Public health officials have also noticed a significant drop in recent months of people visiting drug injection facilities, overdose prevention sites and treatment clinics because of fears associated with the spread of COVID-19.

No-guest policies in single-room-occupancy hotels has also been highlighted by doctors such as Dr. Patricia Daly, the chief medical health officer for Vancouver Coastal Health, in her updates to Vancouver city council.

Daly has made that point in reference to the coroners service data showing 84 per cent of deaths in 2020 occurred inside, with 28 per cent in residences such as single-room-occupancy hotels, social and supportive housing and shelters.

Victims are usually found alone.

Vancouver (259), Surrey (130) and Victoria (95) continue to be the top three cities to record the most overdose deaths, with each city already surpassing last year’s totals in the first eight months of this year.

Males continue to die at a higher rate than females, with 862 of the 1,068 deaths this year involving males. The age of people who have died continues to be in the 19 to 59 years old range, with the most (249) in the 40 to 49 category.

In Metro Vancouver, Coquitlam recorded 19 deaths in the first eight months of this year; that municipality recorded 11 for all of last year. Maple Ridge recorded 17 (11 was the total for 2019) and New Westminster saw 23 people die this year (19 was the total for 2019).

Deaths also continue to rise outside of Metro Vancouver, with Kamloops and Kelowna each recording 36 deaths between January and August.

Langley (25) and Chilliwack (22) both recorded more deaths in eight months this year than all of last year.
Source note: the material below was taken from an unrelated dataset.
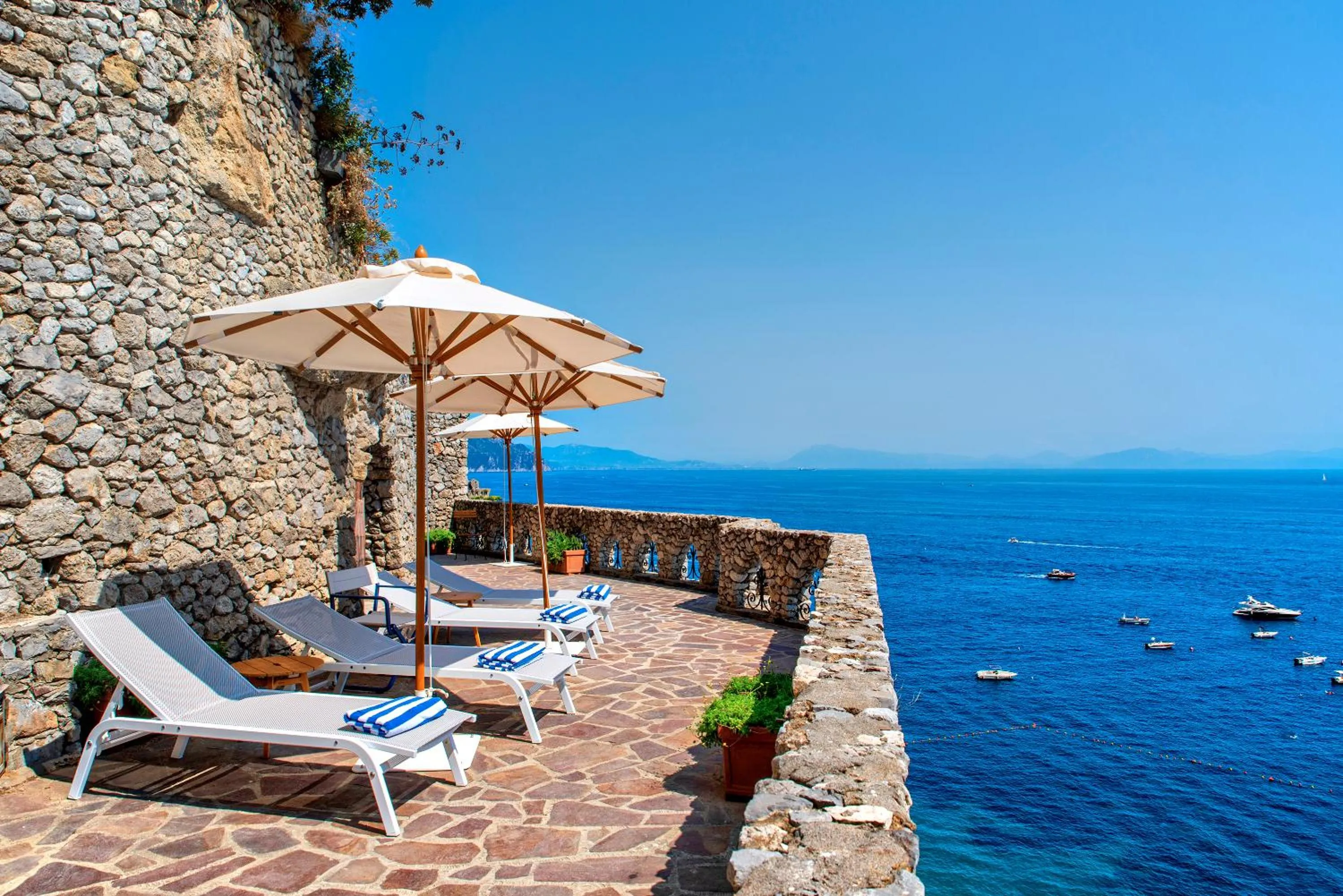 Swimming pool in Borgo Santandrea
What’s not shown in the coroners’ data is the number of overdose calls responded to by paramedics, whose call loads have set records in recent months, including in cities such as Prince George.

As Glacier Media reported in August, paramedics responded to 128 calls in July in Prince George. That city normally averages 52 overdose calls per month, with 58 in June and 51 in May.

Prince George recorded 29 deaths from January to August, four more than it recorded for all of last year.